# Pica??



## cbrand (Aug 9, 2009)

Totally normal. Delilah does this too.


----------



## fjm (Jun 4, 2010)

Try him with a raw carrot - used to work for one of my mother's dog that liked to steal pieces of coal.


----------



## frostfirestandards (Jun 18, 2009)

Id say it was normal. most of thedogs I groom try to eat hair off the floor, especially if it has something gross on it. 

ALL of my dogs will try to eat their eye boogers when I pick them off.


----------



## CharismaticMillie (Jun 16, 2010)

frostfirestandards said:


> Id say it was normal. most of thedogs I groom try to eat hair off the floor, especially if it has something gross on it.
> 
> ALL of my dogs will try to eat their eye boogers when I pick them off.

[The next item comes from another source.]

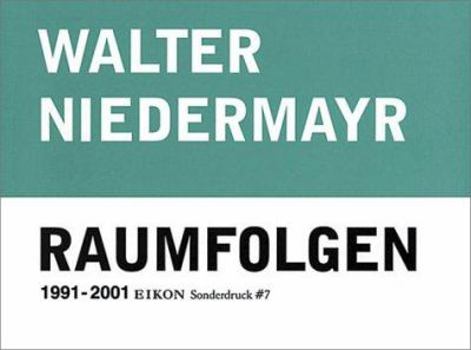 Paperback Walter Niedermayr: Raumfolgen 1991-2001 Book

Henry does this too! I thought he was the only one!!!!! LOL!


----------



## frostfirestandards (Jun 18, 2009)

LOL I thought mine were the only ones! 
dogs are wierd


----------



## Locket (Jun 21, 2009)

Matrix LOVES his eye boogers (he loves Mitch's too, yuck!). I just pick off the crusties with my fingers, but I'll sometimes use a tissue to get the wet ones, and he'll dig through the garbage pail to eat the tissue with the wet boogers in it.


----------